I'm not sure about opticians because they're not really trained to do eye exams (so I hear), but only help you choose and fit eyeglasses. However, I have been to the optometrist here in Japan several times to get my eyes checked and purchase my contacts. Unlike the states, where I only got my eyes checked once every two years, the office here has me come in every 6 months. (I've had to go a couple of extra times for when I changed the brand of contacts I was using and they wanted to make sure I was okay and to get allergy eye drops.) The eye exam seems pretty routine and similar to my exams at home: I read a chart with different size Cs pointing in different directions (it would be good to know your up, down, left, and right in Japanese), identify whether the red or green side of the screen was brighter, had the puff of air blown into my eye, and have a doctor look at my eyes more closely.
Also, I used to wear soft lenses that I disposed of every month, but I didn't get that option here (and I've been to two different places) and now use 1 day lenses. I think 2 week lenses are also available, but the 1 days work for me. I no longer have to buy solution! However, I don''t know how the experience would be for hard lens wearers.Responses from folks on Facebook:
I have lived in Japan for almost 2 years. Last year I had my eyes examined and got new glasses. The examination was very similar, with only a few differences, to exams I have had in the US. The main difference was the process of ordering the glasses. Many more questions were asked. I remember having to select the company from which the lens would come. I was fortunate in that for this whole process I was with a Japanese friend who is an eye doctor. He led me through EVERYTHING and helped me to respond to questions when ordering the glasses. This was especially helpful since it was all done in Japanese and I speak no Japanese. My advice to anyone going through the process is to make sure that you are accompanied by a trusted, friend who if very literate in Japanese. I would not hesitate to go through the process again. I don't remember the exact cost. I remember thinking that it was not excessively expensive. I got a pair of regular glasses and a pair of prescription sunglasses. I remember being less than impressed with the selection of styles of frames available. However, I was long overdue for an exam and the variety of frames available here may be representative of what's available in the states.inverse says:
All in all, the process is a good process here and I encourage others to take the plunge!

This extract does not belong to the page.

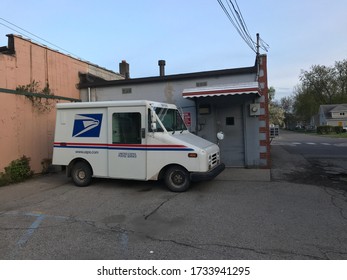 LUNA PIER, MICHIGAN / U.S.A. : MAY 17, 2020 : The Local Mail Delivery Truck Behind Luna Pier's Post Office After Hours.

I went to Zoff (you can find them in most PARCO department stores) and I was really impressed by both the selection of frames and the service from the staff. I didn't originally intend to go there shopping for glasses, I just happened to find a cute pair and I had to have them!
- I was wearing contacts at the time. I don't know my prescription for my lenses offhand, so they asked me to take out my contacts (they have supplies to do this at the store), wait 10 minutes for my eyes to "adjust," then gave me a vision test. The test they gave me was using the alphabet, and using the standard test of "Which one's better? One or two?" The clerk couldn't speak only a little English, but it was enough to do the test.- I don't believe the staff of the store are licensed optometrists or anything, but interestingly enough, they gave me the same lens prescription that I have on my contacts, without knowing it. So they got it right.
- After waiting about 20 minutes, I got my glasses, a case and the eye exam for about ¥5,000. Pretty cheap and convenient, compared to the US, at least!